- Record extracts:
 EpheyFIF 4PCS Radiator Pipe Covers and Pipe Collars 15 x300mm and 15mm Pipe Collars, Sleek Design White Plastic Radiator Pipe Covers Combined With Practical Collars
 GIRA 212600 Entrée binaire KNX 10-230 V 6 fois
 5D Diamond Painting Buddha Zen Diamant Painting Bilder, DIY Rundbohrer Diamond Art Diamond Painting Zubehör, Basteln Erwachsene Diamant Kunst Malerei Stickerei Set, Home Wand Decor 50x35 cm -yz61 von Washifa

...

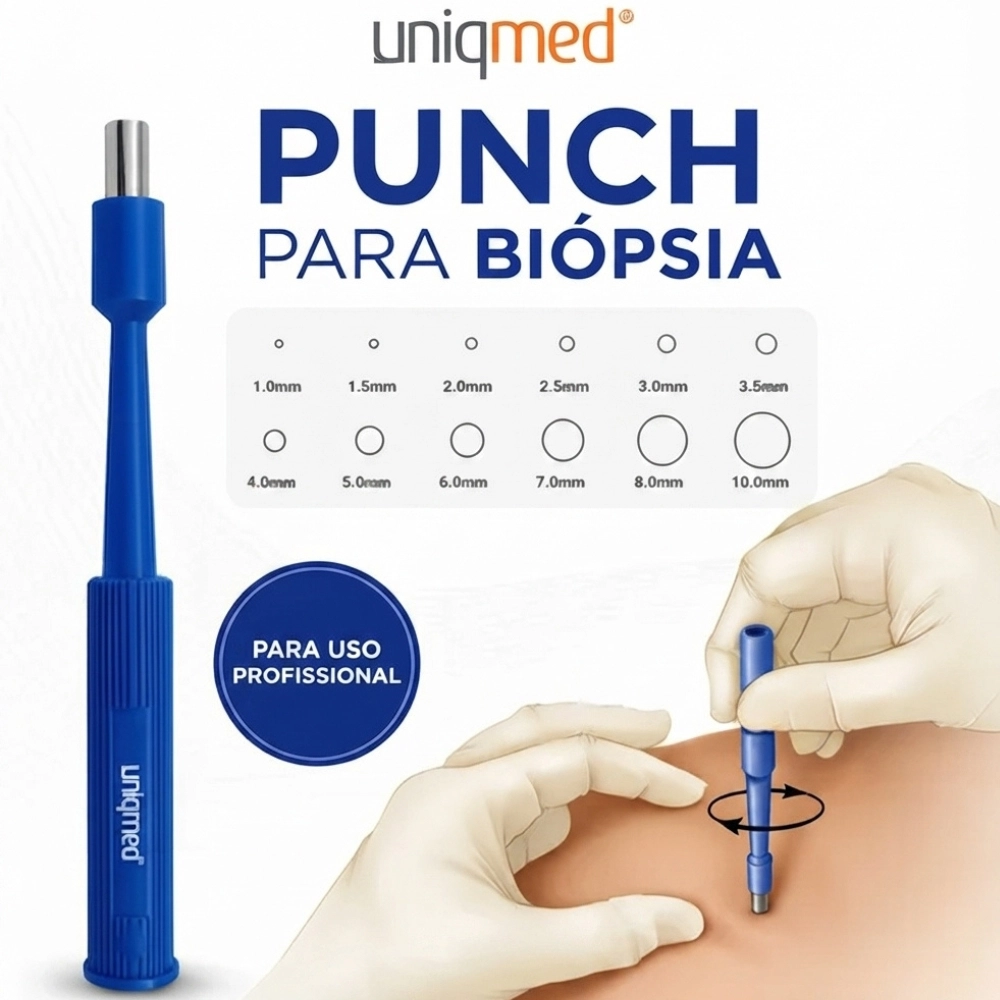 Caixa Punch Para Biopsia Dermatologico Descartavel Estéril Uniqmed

* * *

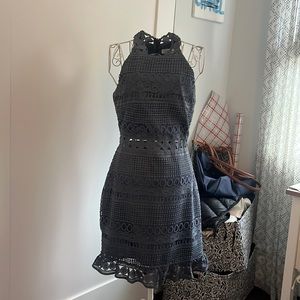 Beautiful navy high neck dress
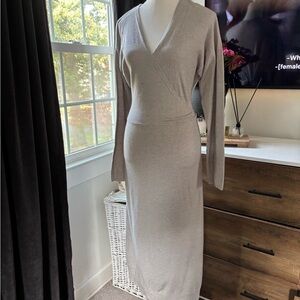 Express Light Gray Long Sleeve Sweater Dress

- Exercise objective: All that is wanted is an exact copy of the lines above from the one with "EpheyFIF 4PCS Radiator" through the one with "5D Diamond Painting", with both ends included.

- Exercise response:
 EpheyFIF 4PCS Radiator Pipe Covers and Pipe Collars 15 x300mm and 15mm Pipe Collars, Sleek Design White Plastic Radiator Pipe Covers Combined With Practical Collars
 GIRA 212600 Entrée binaire KNX 10-230 V 6 fois
 5D Diamond Painting Buddha Zen Diamant Painting Bilder, DIY Rundbohrer Diamond Art Diamond Painting Zubehör, Basteln Erwachsene Diamant Kunst Malerei Stickerei Set, Home Wand Decor 50x35 cm -yz61 von Washifa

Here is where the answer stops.